In the middle of the lake, is the stunning Pioneer Women's Memorial. Do hang around a little bit, as the fountain goes through a few different sequences.
If you want to see Kangaroo Paws, then you must come here! Once again, I grow these at home quite well and thought I had quite a few varieties, what I didn't know, was there were many more including a black Kangaroo Paw! This one hadn't opened properly, so I still haven't really seen it. I did see many other impressive colours that I really loved.
I grow Banksias too, so this was another interesting garden for me. Altogether, there are 76 species, 62 are only found in Western Australia. The display garden is really good and I was lucky enough to find a lot of them in flower. Some Banksias flower at ground level, quite unusual!

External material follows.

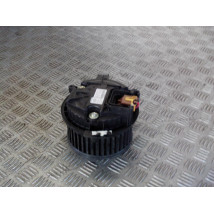 AUDI A4 B7 WENTYLATOR NAWIEWU 8E2820021E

The Banksia garden has some beautiful artwork created by Philippa O'Brien. On marble, she created five species which grow in the Kings Park bushland - The acorn, bull, holly-leaved, narrow-leaved and Menzies' banksia, whilst the second pavement shows the prostrate banksias. These were lovely and so well done! The seats are made of firewood banksia timber, each has a wrought-iron back with a pattern of the zig-zag leaves of the bull banksia.